**Exercise instructions:** Look in the material below for the line holding "Obsidian Black, 115v". Set it down exactly, with each later line up to and including the line holding "Zwilling Couteau de chef 18 cm, Blanc".

**Record extracts:**
= = = =
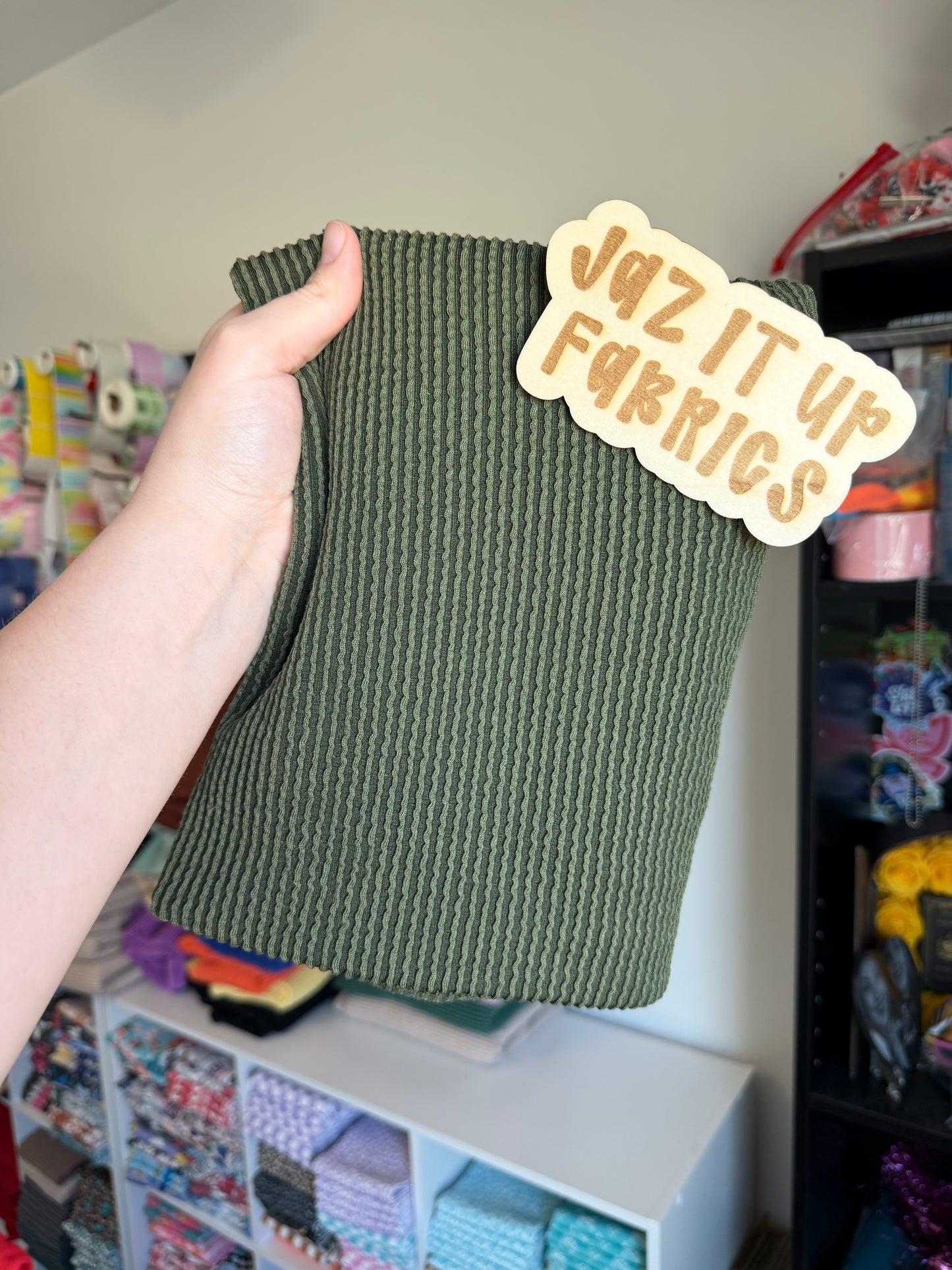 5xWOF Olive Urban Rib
= = = =
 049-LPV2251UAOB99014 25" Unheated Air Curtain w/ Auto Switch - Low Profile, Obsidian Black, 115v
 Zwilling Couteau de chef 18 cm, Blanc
= = = =
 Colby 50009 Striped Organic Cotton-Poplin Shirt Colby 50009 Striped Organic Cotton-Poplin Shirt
= = = =
**Answer for the task:**
 049-LPV2251UAOB99014 25" Unheated Air Curtain w/ Auto Switch - Low Profile, Obsidian Black, 115v
 Zwilling Couteau de chef 18 cm, Blanc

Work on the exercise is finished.